Data entries

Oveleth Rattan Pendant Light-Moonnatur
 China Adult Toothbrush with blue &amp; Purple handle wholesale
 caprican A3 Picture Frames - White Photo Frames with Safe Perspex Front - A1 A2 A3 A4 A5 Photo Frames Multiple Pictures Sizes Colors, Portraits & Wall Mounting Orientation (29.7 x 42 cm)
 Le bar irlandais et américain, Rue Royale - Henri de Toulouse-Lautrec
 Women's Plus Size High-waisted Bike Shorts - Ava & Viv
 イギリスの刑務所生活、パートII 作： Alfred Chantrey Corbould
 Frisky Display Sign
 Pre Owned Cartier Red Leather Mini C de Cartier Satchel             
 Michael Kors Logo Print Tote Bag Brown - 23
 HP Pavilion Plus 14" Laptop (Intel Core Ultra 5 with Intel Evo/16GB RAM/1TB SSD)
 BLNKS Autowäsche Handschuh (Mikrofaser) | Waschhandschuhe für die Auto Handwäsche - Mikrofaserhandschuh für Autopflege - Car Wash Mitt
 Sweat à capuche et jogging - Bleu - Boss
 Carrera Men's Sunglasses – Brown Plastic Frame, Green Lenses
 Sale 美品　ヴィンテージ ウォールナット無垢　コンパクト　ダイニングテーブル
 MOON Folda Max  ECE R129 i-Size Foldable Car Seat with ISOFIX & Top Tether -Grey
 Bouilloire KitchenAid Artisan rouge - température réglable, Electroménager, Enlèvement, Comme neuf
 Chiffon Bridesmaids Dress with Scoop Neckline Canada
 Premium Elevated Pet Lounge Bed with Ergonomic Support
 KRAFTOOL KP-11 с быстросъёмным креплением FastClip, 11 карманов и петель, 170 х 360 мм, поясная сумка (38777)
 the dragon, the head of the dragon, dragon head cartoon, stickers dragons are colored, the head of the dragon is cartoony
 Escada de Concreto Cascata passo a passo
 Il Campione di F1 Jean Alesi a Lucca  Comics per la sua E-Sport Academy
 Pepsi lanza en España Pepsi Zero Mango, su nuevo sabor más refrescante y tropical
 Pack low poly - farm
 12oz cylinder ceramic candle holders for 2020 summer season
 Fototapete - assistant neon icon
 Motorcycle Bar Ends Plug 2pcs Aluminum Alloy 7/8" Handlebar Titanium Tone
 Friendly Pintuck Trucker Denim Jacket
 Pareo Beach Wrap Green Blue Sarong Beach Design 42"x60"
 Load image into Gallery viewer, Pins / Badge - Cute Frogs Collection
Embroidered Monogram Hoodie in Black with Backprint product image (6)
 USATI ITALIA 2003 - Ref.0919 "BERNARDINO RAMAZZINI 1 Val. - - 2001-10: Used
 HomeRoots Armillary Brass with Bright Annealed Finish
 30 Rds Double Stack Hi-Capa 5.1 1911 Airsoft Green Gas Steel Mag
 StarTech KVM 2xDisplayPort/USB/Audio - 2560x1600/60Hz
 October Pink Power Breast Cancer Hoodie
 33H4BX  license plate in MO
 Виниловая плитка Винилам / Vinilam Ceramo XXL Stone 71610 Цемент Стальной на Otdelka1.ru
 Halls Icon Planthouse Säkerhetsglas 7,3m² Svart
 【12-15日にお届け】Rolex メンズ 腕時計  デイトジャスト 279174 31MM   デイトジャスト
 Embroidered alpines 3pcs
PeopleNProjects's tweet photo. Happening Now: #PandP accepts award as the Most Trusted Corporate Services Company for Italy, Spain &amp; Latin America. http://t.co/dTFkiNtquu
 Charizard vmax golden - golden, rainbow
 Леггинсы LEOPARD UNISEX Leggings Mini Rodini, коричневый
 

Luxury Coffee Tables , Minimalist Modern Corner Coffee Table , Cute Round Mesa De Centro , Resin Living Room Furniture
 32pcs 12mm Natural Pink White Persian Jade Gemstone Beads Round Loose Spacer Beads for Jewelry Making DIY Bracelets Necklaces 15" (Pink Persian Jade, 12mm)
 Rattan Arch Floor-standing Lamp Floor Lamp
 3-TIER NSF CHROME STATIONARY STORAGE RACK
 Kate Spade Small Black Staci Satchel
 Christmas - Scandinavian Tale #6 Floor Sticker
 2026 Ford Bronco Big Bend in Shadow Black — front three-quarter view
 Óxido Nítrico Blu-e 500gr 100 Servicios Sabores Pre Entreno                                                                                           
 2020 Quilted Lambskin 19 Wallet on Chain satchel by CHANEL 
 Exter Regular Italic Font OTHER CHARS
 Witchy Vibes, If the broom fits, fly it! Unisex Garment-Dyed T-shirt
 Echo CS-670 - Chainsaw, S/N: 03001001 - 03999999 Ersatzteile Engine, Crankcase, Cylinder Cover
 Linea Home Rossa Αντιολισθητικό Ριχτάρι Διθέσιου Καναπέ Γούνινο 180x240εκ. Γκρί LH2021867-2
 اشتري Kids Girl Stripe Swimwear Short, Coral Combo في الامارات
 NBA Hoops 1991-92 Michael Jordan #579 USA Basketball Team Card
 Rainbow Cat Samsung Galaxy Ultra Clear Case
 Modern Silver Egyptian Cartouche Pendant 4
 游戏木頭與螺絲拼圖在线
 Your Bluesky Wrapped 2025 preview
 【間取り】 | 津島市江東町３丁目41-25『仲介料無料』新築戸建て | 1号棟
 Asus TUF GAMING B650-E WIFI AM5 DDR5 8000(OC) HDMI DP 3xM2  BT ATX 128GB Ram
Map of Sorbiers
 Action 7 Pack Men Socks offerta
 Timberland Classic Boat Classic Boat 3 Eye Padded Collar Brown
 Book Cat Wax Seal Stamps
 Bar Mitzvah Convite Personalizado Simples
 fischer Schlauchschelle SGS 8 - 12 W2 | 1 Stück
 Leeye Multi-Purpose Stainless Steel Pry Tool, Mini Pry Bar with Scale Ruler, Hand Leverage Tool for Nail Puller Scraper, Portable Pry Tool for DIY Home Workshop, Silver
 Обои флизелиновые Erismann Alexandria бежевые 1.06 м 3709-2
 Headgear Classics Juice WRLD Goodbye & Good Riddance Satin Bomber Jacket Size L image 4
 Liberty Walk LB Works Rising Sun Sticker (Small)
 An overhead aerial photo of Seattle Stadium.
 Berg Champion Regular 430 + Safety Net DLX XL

*TRY IT*
The records shown above are to be copied exactly, every one of them.

*RESULT*
Oveleth Rattan Pendant Light-Moonnatur
 China Adult Toothbrush with blue &amp; Purple handle wholesale
 caprican A3 Picture Frames - White Photo Frames with Safe Perspex Front - A1 A2 A3 A4 A5 Photo Frames Multiple Pictures Sizes Colors, Portraits & Wall Mounting Orientation (29.7 x 42 cm)
 Le bar irlandais et américain, Rue Royale - Henri de Toulouse-Lautrec
 Women's Plus Size High-waisted Bike Shorts - Ava & Viv
 イギリスの刑務所生活、パートII 作： Alfred Chantrey Corbould
 Frisky Display Sign
 Pre Owned Cartier Red Leather Mini C de Cartier Satchel             
 Michael Kors Logo Print Tote Bag Brown - 23
 HP Pavilion Plus 14" Laptop (Intel Core Ultra 5 with Intel Evo/16GB RAM/1TB SSD)
 BLNKS Autowäsche Handschuh (Mikrofaser) | Waschhandschuhe für die Auto Handwäsche - Mikrofaserhandschuh für Autopflege - Car Wash Mitt
 Sweat à capuche et jogging - Bleu - Boss
 Carrera Men's Sunglasses – Brown Plastic Frame, Green Lenses
 Sale 美品　ヴィンテージ ウォールナット無垢　コンパクト　ダイニングテーブル
 MOON Folda Max  ECE R129 i-Size Foldable Car Seat with ISOFIX & Top Tether -Grey
 Bouilloire KitchenAid Artisan rouge - température réglable, Electroménager, Enlèvement, Comme neuf
 Chiffon Bridesmaids Dress with Scoop Neckline Canada
 Premium Elevated Pet Lounge Bed with Ergonomic Support
 KRAFTOOL KP-11 с быстросъёмным креплением FastClip, 11 карманов и петель, 170 х 360 мм, поясная сумка (38777)
 the dragon, the head of the dragon, dragon head cartoon, stickers dragons are colored, the head of the dragon is cartoony
 Escada de Concreto Cascata passo a passo
 Il Campione di F1 Jean Alesi a Lucca  Comics per la sua E-Sport Academy
 Pepsi lanza en España Pepsi Zero Mango, su nuevo sabor más refrescante y tropical
 Pack low poly - farm
 12oz cylinder ceramic candle holders for 2020 summer season
 Fototapete - assistant neon icon
 Motorcycle Bar Ends Plug 2pcs Aluminum Alloy 7/8" Handlebar Titanium Tone
 Friendly Pintuck Trucker Denim Jacket
 Pareo Beach Wrap Green Blue Sarong Beach Design 42"x60"
 Load image into Gallery viewer, Pins / Badge - Cute Frogs Collection
Embroidered Monogram Hoodie in Black with Backprint product image (6)
 USATI ITALIA 2003 - Ref.0919 "BERNARDINO RAMAZZINI 1 Val. - - 2001-10: Used
 HomeRoots Armillary Brass with Bright Annealed Finish
 30 Rds Double Stack Hi-Capa 5.1 1911 Airsoft Green Gas Steel Mag
 StarTech KVM 2xDisplayPort/USB/Audio - 2560x1600/60Hz
 October Pink Power Breast Cancer Hoodie
 33H4BX  license plate in MO
 Виниловая плитка Винилам / Vinilam Ceramo XXL Stone 71610 Цемент Стальной на Otdelka1.ru
 Halls Icon Planthouse Säkerhetsglas 7,3m² Svart
 【12-15日にお届け】Rolex メンズ 腕時計  デイトジャスト 279174 31MM   デイトジャスト
 Embroidered alpines 3pcs
PeopleNProjects's tweet photo. Happening Now: #PandP accepts award as the Most Trusted Corporate Services Company for Italy, Spain &amp; Latin America. http://t.co/dTFkiNtquu
 Charizard vmax golden - golden, rainbow
 Леггинсы LEOPARD UNISEX Leggings Mini Rodini, коричневый
 

Luxury Coffee Tables , Minimalist Modern Corner Coffee Table , Cute Round Mesa De Centro , Resin Living Room Furniture
 32pcs 12mm Natural Pink White Persian Jade Gemstone Beads Round Loose Spacer Beads for Jewelry Making DIY Bracelets Necklaces 15" (Pink Persian Jade, 12mm)
 Rattan Arch Floor-standing Lamp Floor Lamp
 3-TIER NSF CHROME STATIONARY STORAGE RACK
 Kate Spade Small Black Staci Satchel
 Christmas - Scandinavian Tale #6 Floor Sticker
 2026 Ford Bronco Big Bend in Shadow Black — front three-quarter view
 Óxido Nítrico Blu-e 500gr 100 Servicios Sabores Pre Entreno                                                                                           
 2020 Quilted Lambskin 19 Wallet on Chain satchel by CHANEL 
 Exter Regular Italic Font OTHER CHARS
 Witchy Vibes, If the broom fits, fly it! Unisex Garment-Dyed T-shirt
 Echo CS-670 - Chainsaw, S/N: 03001001 - 03999999 Ersatzteile Engine, Crankcase, Cylinder Cover
 Linea Home Rossa Αντιολισθητικό Ριχτάρι Διθέσιου Καναπέ Γούνινο 180x240εκ. Γκρί LH2021867-2
 اشتري Kids Girl Stripe Swimwear Short, Coral Combo في الامارات
 NBA Hoops 1991-92 Michael Jordan #579 USA Basketball Team Card
 Rainbow Cat Samsung Galaxy Ultra Clear Case
 Modern Silver Egyptian Cartouche Pendant 4
 游戏木頭與螺絲拼圖在线
 Your Bluesky Wrapped 2025 preview
 【間取り】 | 津島市江東町３丁目41-25『仲介料無料』新築戸建て | 1号棟
 Asus TUF GAMING B650-E WIFI AM5 DDR5 8000(OC) HDMI DP 3xM2  BT ATX 128GB Ram
Map of Sorbiers
 Action 7 Pack Men Socks offerta
 Timberland Classic Boat Classic Boat 3 Eye Padded Collar Brown
 Book Cat Wax Seal Stamps
 Bar Mitzvah Convite Personalizado Simples
 fischer Schlauchschelle SGS 8 - 12 W2 | 1 Stück
 Leeye Multi-Purpose Stainless Steel Pry Tool, Mini Pry Bar with Scale Ruler, Hand Leverage Tool for Nail Puller Scraper, Portable Pry Tool for DIY Home Workshop, Silver
 Обои флизелиновые Erismann Alexandria бежевые 1.06 м 3709-2
 Headgear Classics Juice WRLD Goodbye & Good Riddance Satin Bomber Jacket Size L image 4
 Liberty Walk LB Works Rising Sun Sticker (Small)
 An overhead aerial photo of Seattle Stadium.
 Berg Champion Regular 430 + Safety Net DLX XL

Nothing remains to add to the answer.